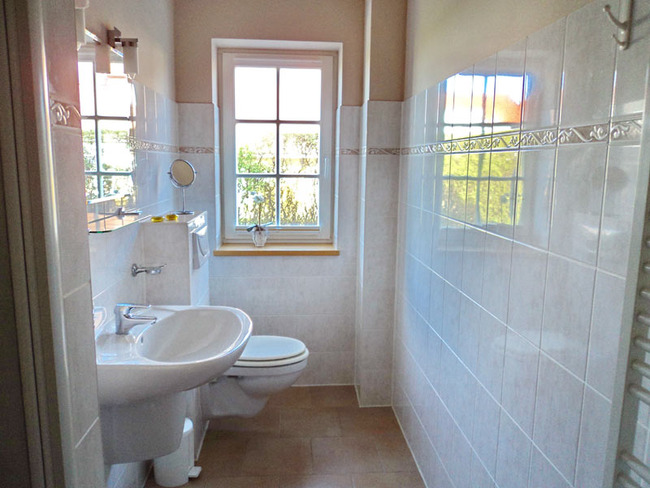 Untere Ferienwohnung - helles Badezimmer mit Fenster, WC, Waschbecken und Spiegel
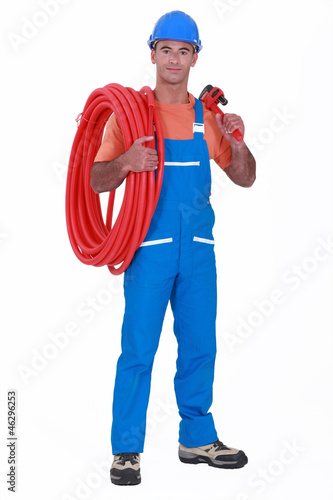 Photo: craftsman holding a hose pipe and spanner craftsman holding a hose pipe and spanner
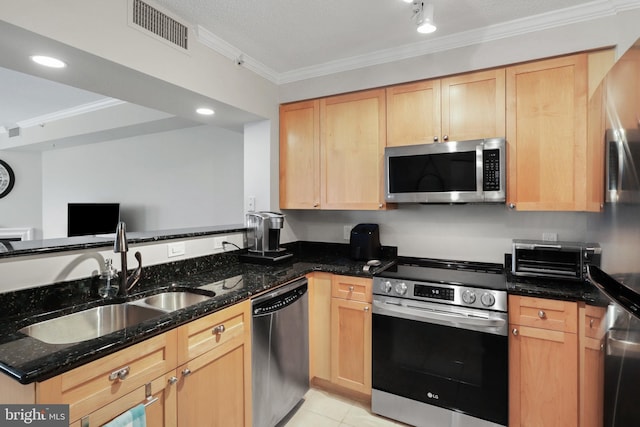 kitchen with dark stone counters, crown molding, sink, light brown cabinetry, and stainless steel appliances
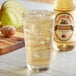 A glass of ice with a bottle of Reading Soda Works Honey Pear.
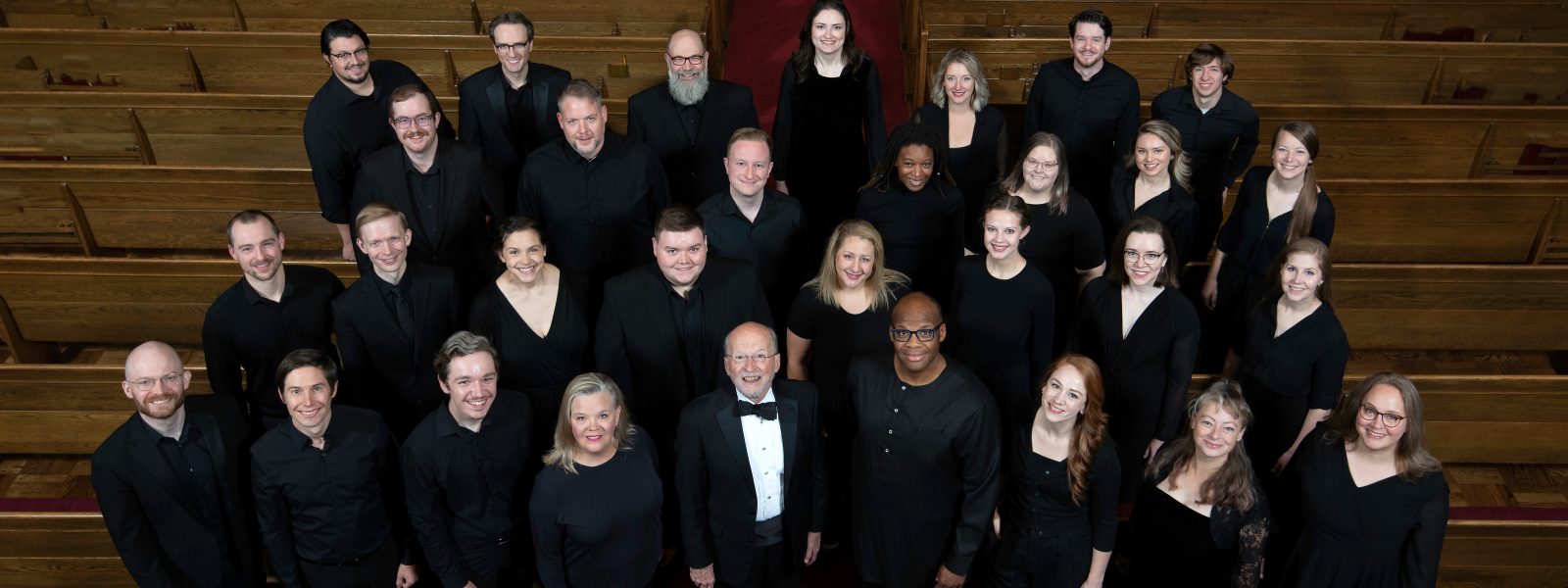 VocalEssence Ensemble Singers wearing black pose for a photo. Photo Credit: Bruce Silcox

--

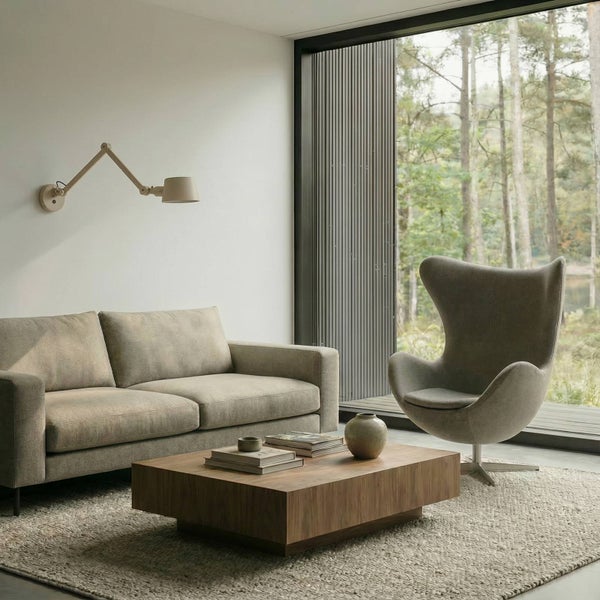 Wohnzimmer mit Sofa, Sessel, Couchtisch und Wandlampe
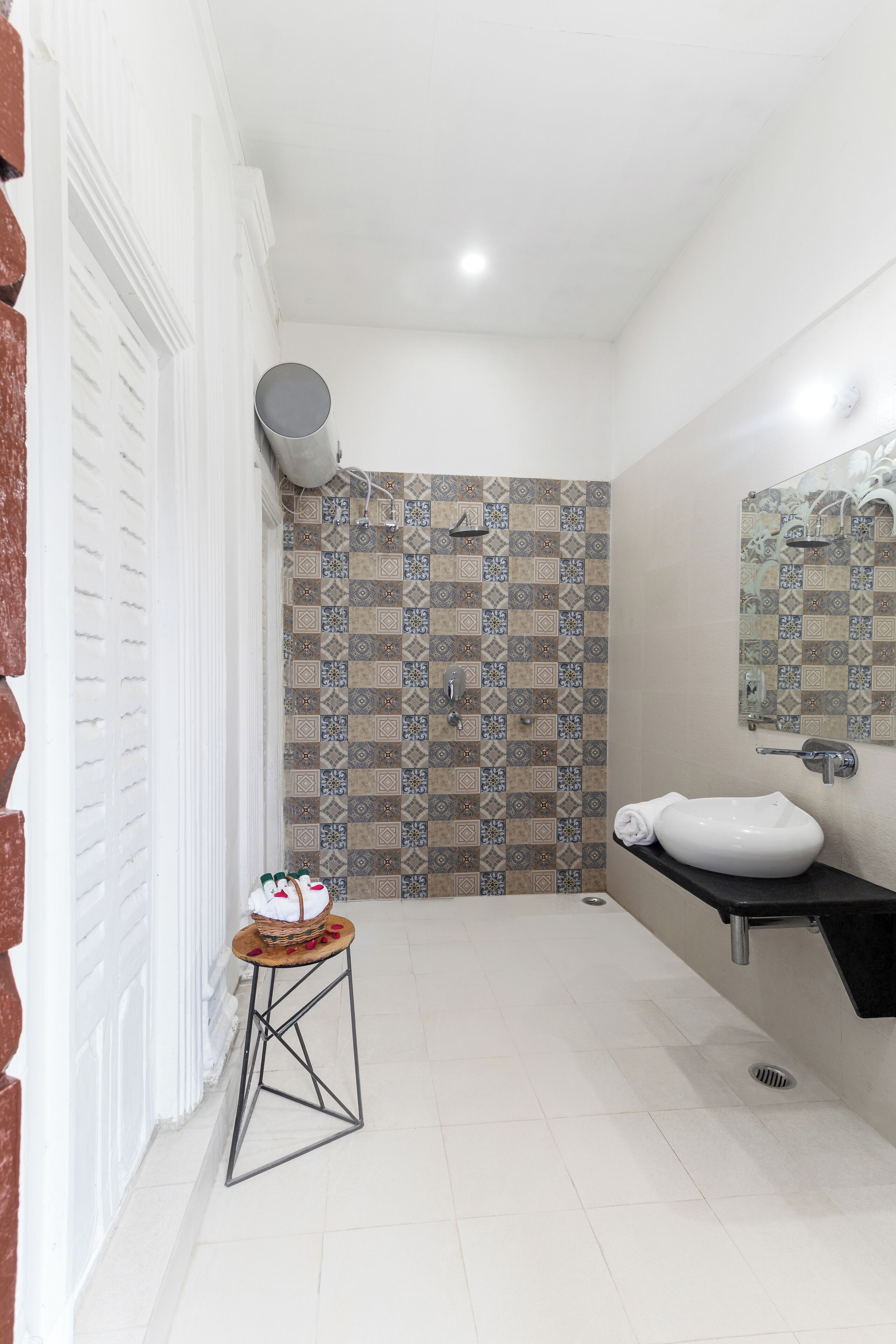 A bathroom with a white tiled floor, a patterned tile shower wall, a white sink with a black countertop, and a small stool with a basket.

...

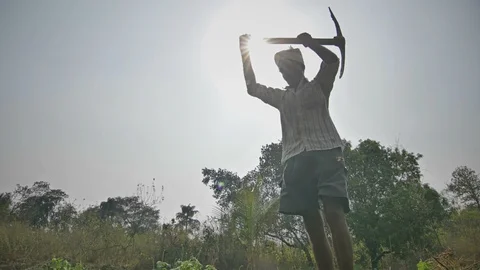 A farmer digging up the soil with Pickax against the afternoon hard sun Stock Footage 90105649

• **Work order**
Take the material above from the line bearing "Wohnzimmer mit Sofa, Sessel, Couchtisch" through the line bearing "A bathroom with" and write it out exactly, both end lines included. Pictures stay out.

• **Finished exercise**
 Wohnzimmer mit Sofa, Sessel, Couchtisch und Wandlampe
 A bathroom with a white tiled floor, a patterned tile shower wall, a white sink with a black countertop, and a small stool with a basket.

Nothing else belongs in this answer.